═════ Material provided

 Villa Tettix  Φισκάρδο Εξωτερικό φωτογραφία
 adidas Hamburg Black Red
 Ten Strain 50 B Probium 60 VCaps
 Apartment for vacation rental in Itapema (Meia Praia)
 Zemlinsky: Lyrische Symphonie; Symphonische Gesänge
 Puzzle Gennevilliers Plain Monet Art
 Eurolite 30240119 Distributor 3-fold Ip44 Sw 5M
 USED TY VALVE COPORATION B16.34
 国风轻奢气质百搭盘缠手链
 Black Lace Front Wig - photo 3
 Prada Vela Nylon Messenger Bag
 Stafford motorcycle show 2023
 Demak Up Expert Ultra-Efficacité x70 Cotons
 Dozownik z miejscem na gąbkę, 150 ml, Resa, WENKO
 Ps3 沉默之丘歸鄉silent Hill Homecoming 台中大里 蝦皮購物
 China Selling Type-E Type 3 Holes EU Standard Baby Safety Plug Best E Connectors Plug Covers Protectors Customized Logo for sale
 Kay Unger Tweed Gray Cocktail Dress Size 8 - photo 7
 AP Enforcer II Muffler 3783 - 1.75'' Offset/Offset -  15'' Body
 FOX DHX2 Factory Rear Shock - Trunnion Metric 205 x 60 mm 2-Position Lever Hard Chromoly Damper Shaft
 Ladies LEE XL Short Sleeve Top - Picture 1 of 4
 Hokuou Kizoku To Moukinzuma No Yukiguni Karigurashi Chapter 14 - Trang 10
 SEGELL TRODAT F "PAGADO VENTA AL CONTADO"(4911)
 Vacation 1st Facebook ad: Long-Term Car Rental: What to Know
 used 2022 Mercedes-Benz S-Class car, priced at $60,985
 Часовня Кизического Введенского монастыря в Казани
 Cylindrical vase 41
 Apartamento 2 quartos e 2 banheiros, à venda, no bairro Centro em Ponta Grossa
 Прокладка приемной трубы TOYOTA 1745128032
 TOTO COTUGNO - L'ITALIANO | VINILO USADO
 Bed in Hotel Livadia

══════════

Copy each entry exactly, with nothing added or dropped.

### Exercise response
 Villa Tettix  Φισκάρδο Εξωτερικό φωτογραφία
 adidas Hamburg Black Red
 Ten Strain 50 B Probium 60 VCaps
 Apartment for vacation rental in Itapema (Meia Praia)
 Zemlinsky: Lyrische Symphonie; Symphonische Gesänge
 Puzzle Gennevilliers Plain Monet Art
 Eurolite 30240119 Distributor 3-fold Ip44 Sw 5M
 USED TY VALVE COPORATION B16.34
 国风轻奢气质百搭盘缠手链
 Black Lace Front Wig - photo 3
 Prada Vela Nylon Messenger Bag
 Stafford motorcycle show 2023
 Demak Up Expert Ultra-Efficacité x70 Cotons
 Dozownik z miejscem na gąbkę, 150 ml, Resa, WENKO
 Ps3 沉默之丘歸鄉silent Hill Homecoming 台中大里 蝦皮購物
 China Selling Type-E Type 3 Holes EU Standard Baby Safety Plug Best E Connectors Plug Covers Protectors Customized Logo for sale
 Kay Unger Tweed Gray Cocktail Dress Size 8 - photo 7
 AP Enforcer II Muffler 3783 - 1.75'' Offset/Offset -  15'' Body
 FOX DHX2 Factory Rear Shock - Trunnion Metric 205 x 60 mm 2-Position Lever Hard Chromoly Damper Shaft
 Ladies LEE XL Short Sleeve Top - Picture 1 of 4
 Hokuou Kizoku To Moukinzuma No Yukiguni Karigurashi Chapter 14 - Trang 10
 SEGELL TRODAT F "PAGADO VENTA AL CONTADO"(4911)
 Vacation 1st Facebook ad: Long-Term Car Rental: What to Know
 used 2022 Mercedes-Benz S-Class car, priced at $60,985
 Часовня Кизического Введенского монастыря в Казани
 Cylindrical vase 41
 Apartamento 2 quartos e 2 banheiros, à venda, no bairro Centro em Ponta Grossa
 Прокладка приемной трубы TOYOTA 1745128032
 TOTO COTUGNO - L'ITALIANO | VINILO USADO
 Bed in Hotel Livadia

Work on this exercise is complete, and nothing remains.